━━ Materials provided ━━

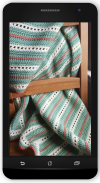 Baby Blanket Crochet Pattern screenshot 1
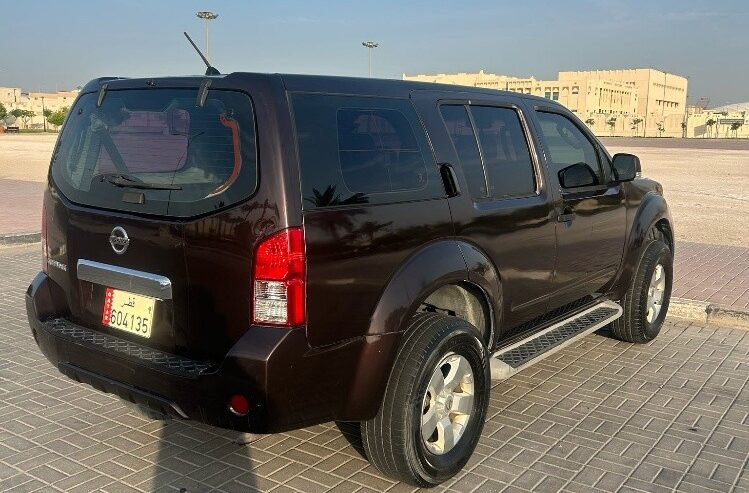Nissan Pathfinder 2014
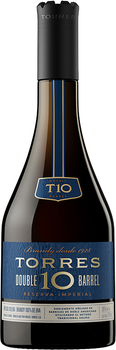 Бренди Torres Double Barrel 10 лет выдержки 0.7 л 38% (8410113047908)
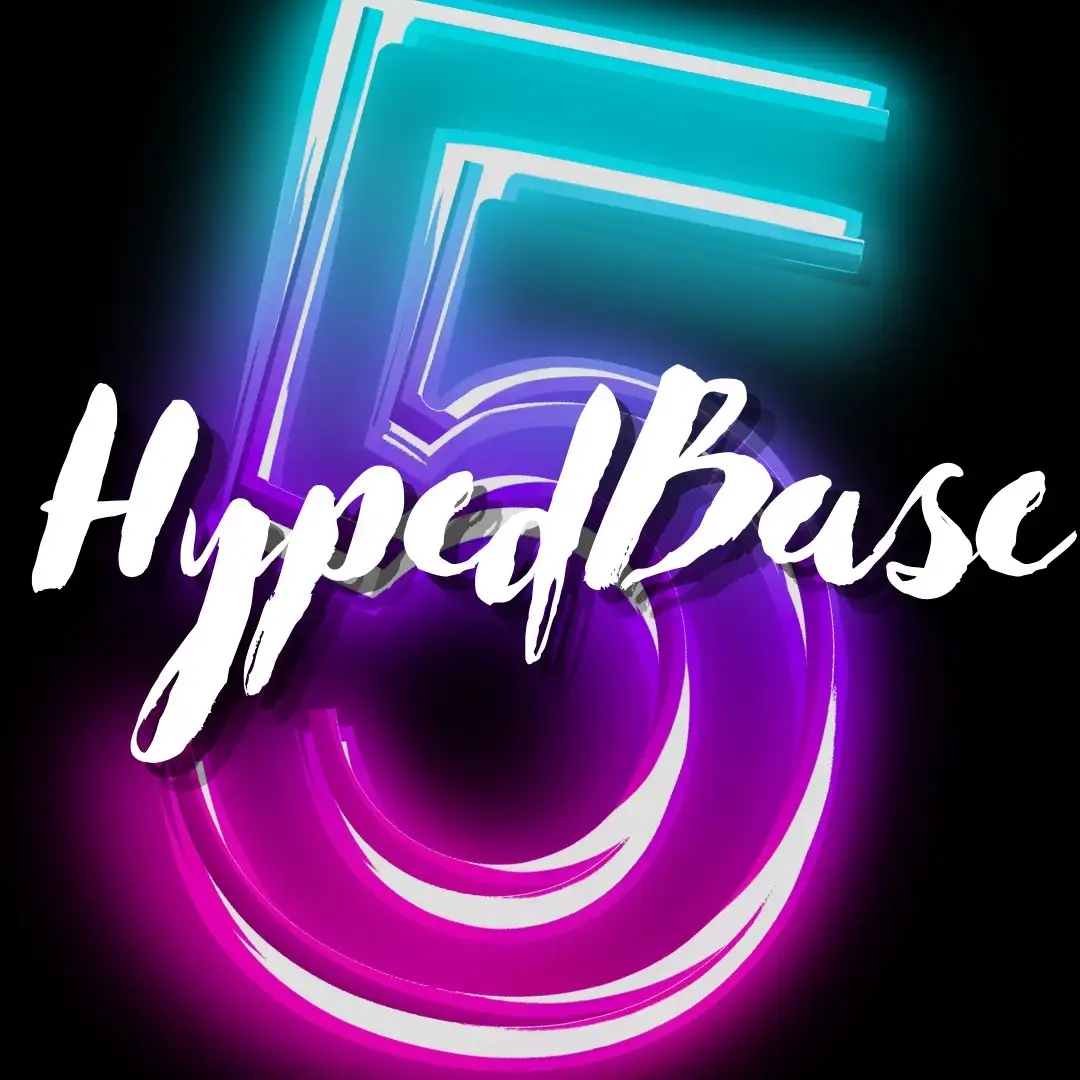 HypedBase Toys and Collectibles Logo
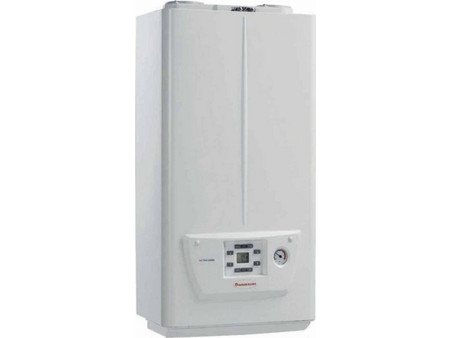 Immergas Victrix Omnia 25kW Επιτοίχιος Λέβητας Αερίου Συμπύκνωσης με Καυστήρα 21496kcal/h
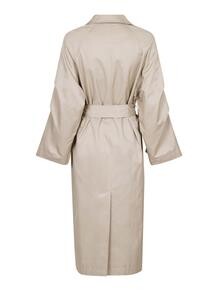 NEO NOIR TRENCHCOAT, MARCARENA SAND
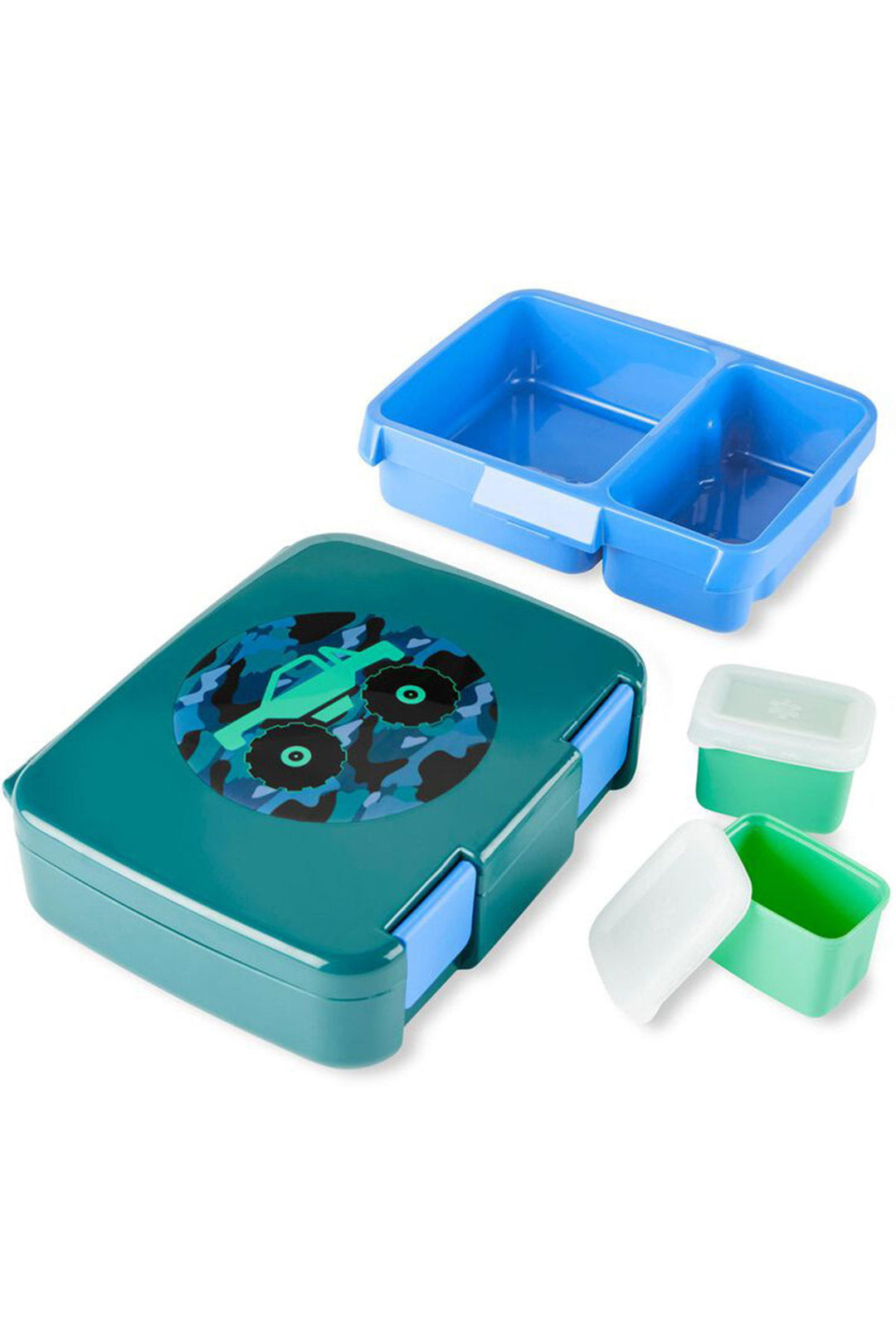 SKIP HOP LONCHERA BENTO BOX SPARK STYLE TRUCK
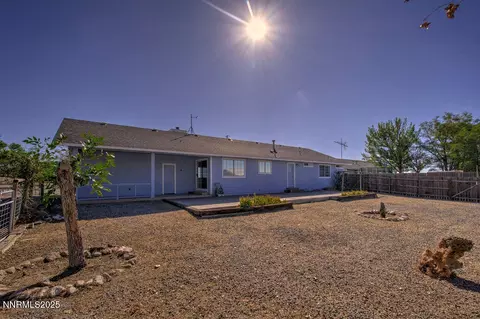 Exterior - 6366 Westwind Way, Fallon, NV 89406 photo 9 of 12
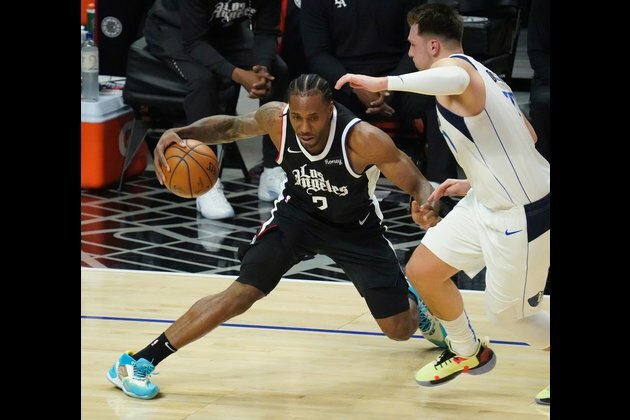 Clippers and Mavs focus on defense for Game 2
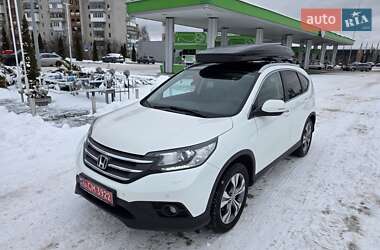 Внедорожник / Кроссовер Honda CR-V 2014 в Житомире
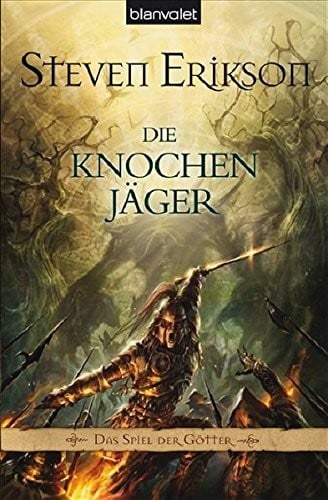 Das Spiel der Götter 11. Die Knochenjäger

━━━
━━ Materials provided ━━

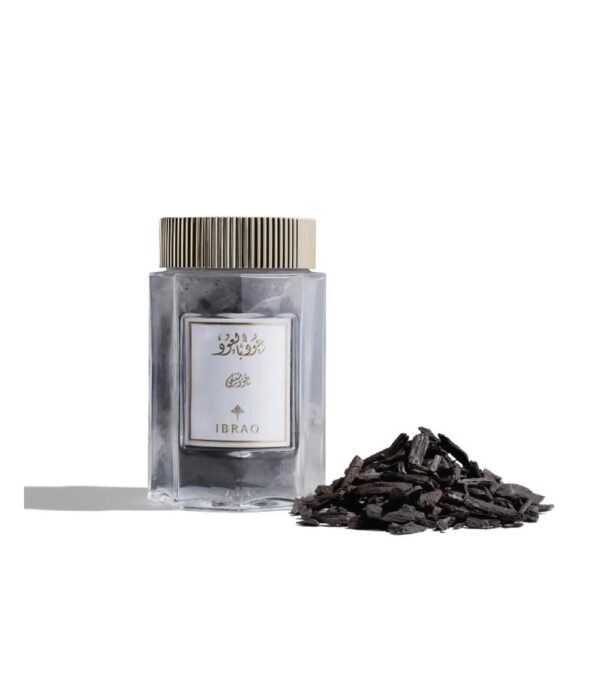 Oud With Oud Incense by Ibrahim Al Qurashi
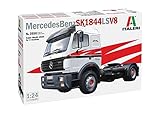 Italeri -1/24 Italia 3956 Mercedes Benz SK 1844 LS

━━━

# Task item
Exact repeat of the material above: every line from the one with "Baby Blanket Crochet Pattern screenshot 1" through the one with "Das Spiel der Götter 11. Die Knochenjäger", endpoints included, and nothing more. No pictures.

# Task answer
 Baby Blanket Crochet Pattern screenshot 1
Nissan Pathfinder 2014
 Бренди Torres Double Barrel 10 лет выдержки 0.7 л 38% (8410113047908)
 HypedBase Toys and Collectibles Logo
 Immergas Victrix Omnia 25kW Επιτοίχιος Λέβητας Αερίου Συμπύκνωσης με Καυστήρα 21496kcal/h
 NEO NOIR TRENCHCOAT, MARCARENA SAND
 SKIP HOP LONCHERA BENTO BOX SPARK STYLE TRUCK
 Exterior - 6366 Westwind Way, Fallon, NV 89406 photo 9 of 12
 Clippers and Mavs focus on defense for Game 2
 Внедорожник / Кроссовер Honda CR-V 2014 в Житомире
 Das Spiel der Götter 11. Die Knochenjäger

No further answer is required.